3. Expenses of each Fund. Each Fund shall pay all expenses other than those expressly assumed by the Advisor. Expenses payable by the Fund shall include, but are not limited to:
- Fees to the Advisor as provided herein;
- Legal and audit expenses;
- Fees and expenses related to the registration and qualification of the RIC and its shares for distribution under federal and state securities laws;
- Expenses of the administrative services agent, transfer agent, registrar, custodian, fund accounting, dividend disbursing agent and shareholder servicing agent;
- Any telephone charges associated with shareholder servicing or the maintenance of the Funds or RIC;
- Salaries, fees and expenses of Directors and executive officers of the RIC, other than Advisor Employees;
- Taxes and corporate fees levied against the RIC;
- Brokerage commissions and other expenses associated with the purchase and sale of portfolio securities for the RIC;
- Expenses, including interest, of borrowing money;
- Expenses incidental to meetings of the RIC's shareholders and the maintenance of the RIC's organizational existence;
- Expenses of printing stock certificates representing shares of the RIC and expenses of preparing, printing and mailing notices, proxy material, reports to regulatory bodies and reports to shareholders of the RIC;
- Expenses of preparing and typesetting of prospectuses of the RIC;
- Expenses of printing and distributing prospectuses to shareholders of the RIC;
- Association membership dues;
- Insurance premiums for fidelity and other coverage;
- Distribution Plan expenses, as permitted by Rule 12b-1 under the 1940 Act and as approved by the Board; and
- Such other legitimate RIC expenses as the Board of Directors may from time to time determine are properly chargeable to the RIC.
4. Compensation of Advisor.
- As compensation for the services rendered and obligations assumed hereunder by the Advisor, the RIC shall pay to the Advisor within ten (10) days after the last day of each calendar month a fee equal on an annualized basis as shown on Schedule A. Any amendment to the Schedule pertaining to any new or existing Fund shall not be deemed to affect the interest of any other Fund and shall not require the approval of the shareholders of any other Fund.
- Such fee shall be computed and accrued daily.

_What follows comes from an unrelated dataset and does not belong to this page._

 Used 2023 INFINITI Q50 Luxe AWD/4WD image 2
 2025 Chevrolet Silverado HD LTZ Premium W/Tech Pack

Upon termination of this Agreement before the end of any calendar month, the fee for such period shall be prorated. For purposes of calculating the Advisor's fee, the daily value of a Fund's net assets shall be computed by the same method as the Fund uses to compute the value of its net assets in connection with the determination of the net asset value of its shares.
- The Advisor reserves the right (i) to waive all or part of its fee and assume expenses of a Fund and (ii) to make payments to brokers and dealers in consideration of their promotional or administrative services.
5. Activities of the Advisor. The services of the Advisor to the RIC and each Fund hereunder are not to be deemed exclusive, and the Advisor shall be free to render similar services to others. It is understood that Directors and officers of the RIC are or may become interested in the Advisor as stockholders, officers, or otherwise , and that stockholders and officers of the Advisor are or may become similarly interested in the RIC, and that the Advisor may become interested in the RIC as shareholder or otherwise.
6. Use of Names.
- The RIC or any Fund shall not use the name of the Advisor in any prospectus, sales literature or other material relating to the RIC in any manner not approved prior thereto by the Advisor; provided, however, that the Advisor shall approve all uses of its name which merely refer in accurate terms to its appointment hereunder or which are required by the SEC; and, provided, further, that in no event shall such approval be unreasonably withheld. The Advisor shall not use the name of the RIC or any Fund in any material relating to the Advisor in any manner not approved prior thereto by the RIC; provided, however, that the RIC shall approve all uses of its name which merely refer in accurate terms to the appointment of the Advisor hereunder or which are required by the SEC; and, provide, further, that in no event shall such approval be unreasonably withheld.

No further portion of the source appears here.